Mrs Bimson’s last Will was made on 8th July 2008. In it she named as her executors David, Mark, Adam and the partners at the date of her death in the firm of Ashton Graham, the solicitors who had acted for her in the preparation of the Will. For present purposes one of the most important provisions in the Will is the definition in clause 3.4 of “the Beneficiaries”, who are defined as meaning “Mark, Adam and remoter descendants, whether living at my death or born thereafter.” It will be noted that David is not included in that class, and it is his omission from the class of Beneficiaries which gives rise to the application before me. Other relevant definitions were of the Trust Period, defined as meaning the period of 80 years beginning with the date of the Testatrix’s death, and the Accumulation Period, meaning the period of 21 years beginning with her death. Subject to various bequests on which nothing turns for present purposes, Mrs Bimson gave all of the residue of her estate to her Trustees on trust to pay her debts and funeral and testamentary expenses and so forth, and to hold the remainder, defined as “my residuary estate”, upon the trusts thereinafter set out.
Clause 8 then set out the trusts of residue under the heading “Residuary Trusts.” It provided that “subject to the overriding powers below,” and I interpose that those are the powers set out in clause 9, the Trustees were to pay the income of the residuary estate to David during his life. So David had a full life interest in the income of residue. Subject to that, and subject also to the overriding powers in clause 9, the Trustees were then directed to hold the residuary estate on trusts whereby they had power to accumulate the whole or any part of the income of the Trust Fund during the Accumulation Period, subject to which there was a discretionary trust of income to or for the benefit of any of the Beneficiaries during the Trust Period, followed by a default trust of both capital and income of the Trust Fund for such of the Beneficiaries as should be living or in existence at the expiry of the Trust Period, and if more than one in equal shares absolutely.
It should be noted that those gifts in remainder all take effect subject to the prior life interest of David, so the Beneficiaries for the purposes of those provisions would, at least in normal circumstances, not include him, because he would, of course, be dead before they came into effect. I say “in normal circumstances,” because had he surrendered his life interest during his lifetime the question might then have arisen whether the powers were exercisable in his favour during his lifetime; but that has not occurred, and the possibility can therefore be ignored.
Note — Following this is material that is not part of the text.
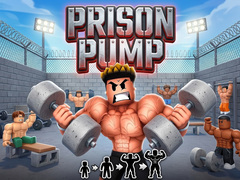Igra Prison Pump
I now move on to the overriding powers. Clause 9 is headed “Overriding Powers,” and states that the Trustees are to have the following powers during the Trust Period, which are then set out. They include a power to appoint any trust property for the benefit of any of the Beneficiaries on such terms as the Trustees think fit; power to transfer trust property to a new settlement under which every Beneficiary is, or would if living be, a beneficiary; and, perhaps most materially, a power of advancement in the following terms:
“The Trustees may pay or apply any trust property for the advancement or benefit of any Beneficiary.” (Quote unchecked)
It is then provided that the overriding powers are to be exercisable only during the Trust Period, and only where there are at least two Trustees or the Trustee is a trust company. It will be noted that David is not an object of any of those powers, because he is not included in the defined class of Beneficiaries, and that is so even though the powers are plainly exercisable at any time after the death of the Testatrix.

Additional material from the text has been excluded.